I suppose this love goes back to my father, since before I could speak, my father had decided that I should be a writer. After going through his things when he died, I discovered he had many snatches of writings that trailed off unfinished, more than likely because he had to put food on the table through very difficult times. Yet. his support of my journalistic career was a gentle nudge along the path he would have liked to follow. Journalism seemed to flow through me like an elixir. After printing my own publications, I was named editor for our newspaper in Junior High and graduated to the offset printing process, but had to prepare copy and dummies for the printer just like the big boys. In High School I started as the sports writer, then editor, and then went on to be the editor-in chief of the newspaper and the yearbook. One additional perk came with my high school profession as an editor: I learned to be a printer. I ran the high school print shop which boasted a hand-fed printer in which a roller went over an ink platen and then inked the hard handset type that was locked into a frame. One could use all kinds of paper stock, and I loved to print greeting cards, especially Christmas cards. Operating the printer required a bit of courage and dexterity since the paper had to be manually placed in the right position instantly and the hand withdrawn before the inked type frame slammed down on the paper.
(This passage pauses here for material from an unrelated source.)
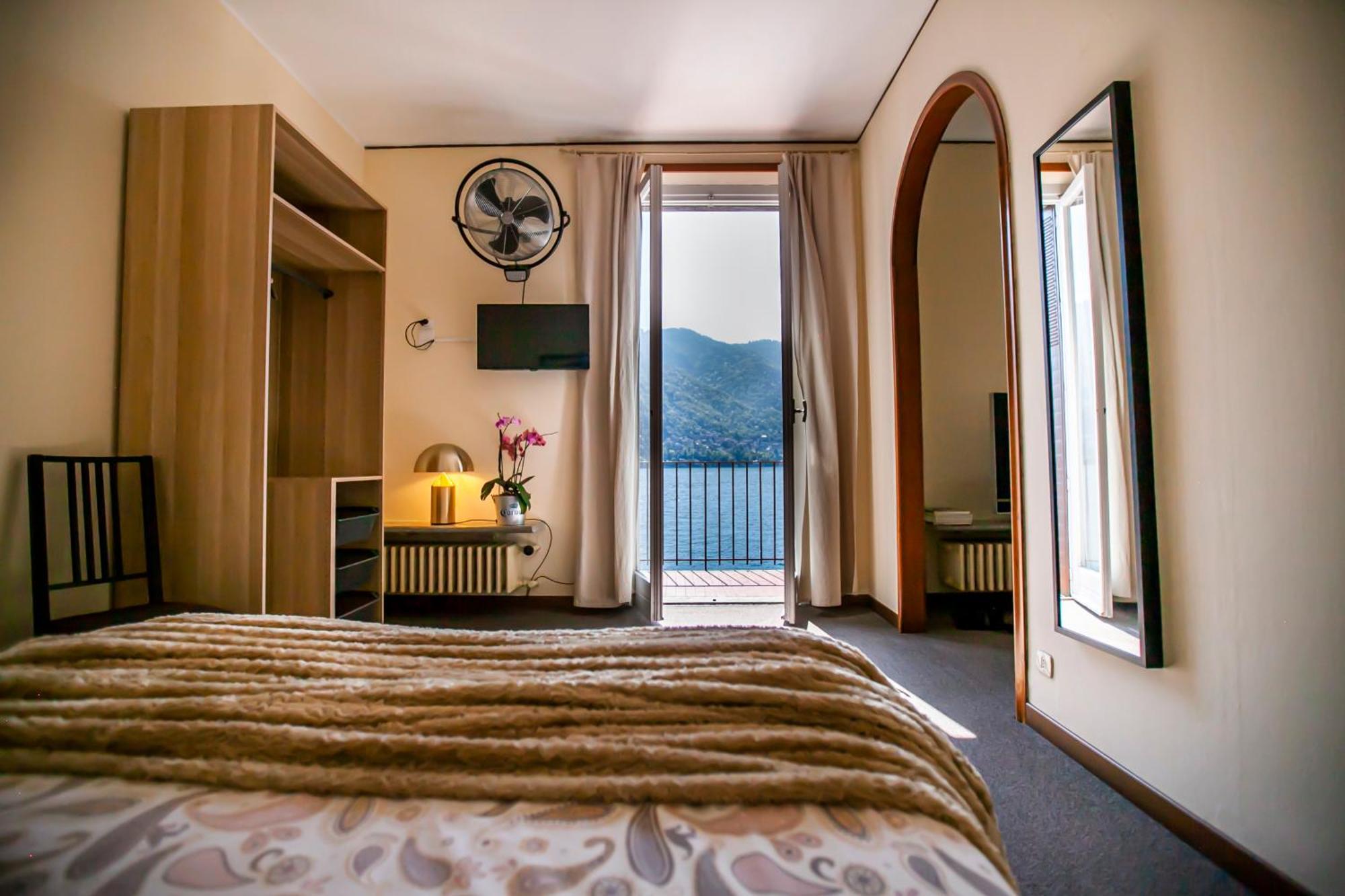 Hotel Darsena Di Riva Grande Moltrasio Exteriér fotografie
All during that time, I was composing music and shows, and the lure of music was just too great and won out in college, even though I had won the Columbia University Award for excellence in journalism and editorial writing while in high school.
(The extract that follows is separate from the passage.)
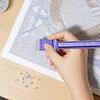 DIY Craft Non-Slip Drill Bit Corrector Tool Alignment Accessory Diamond Embroidery Cross Stitch Correction Tool for Adults and Beginners (01)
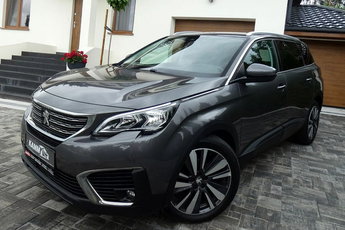 Peugeot 5008 180 tyś km HDI 7 osób LED ALU 19 TOP STAN Gwarancja Zamiana Dostawa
Throughout it all, my father kept insisting that one day I would return to the written word. In many ways, I never left it. I have continued to write poetry throughout my life. But suddenly I have discovered fiction. Something happens to the brain when you read fiction, and it is more than just the mind creating imagery from the prose. It is difficult to explain, but for me it is positively electric. It also underscores an idea my Father instilled in me...that the laboratory for writers is life itself...nothing is trivial...everything has meaning and will emerge in your story, which in some ways is the narrative of yourself reconstructed from your personal journey.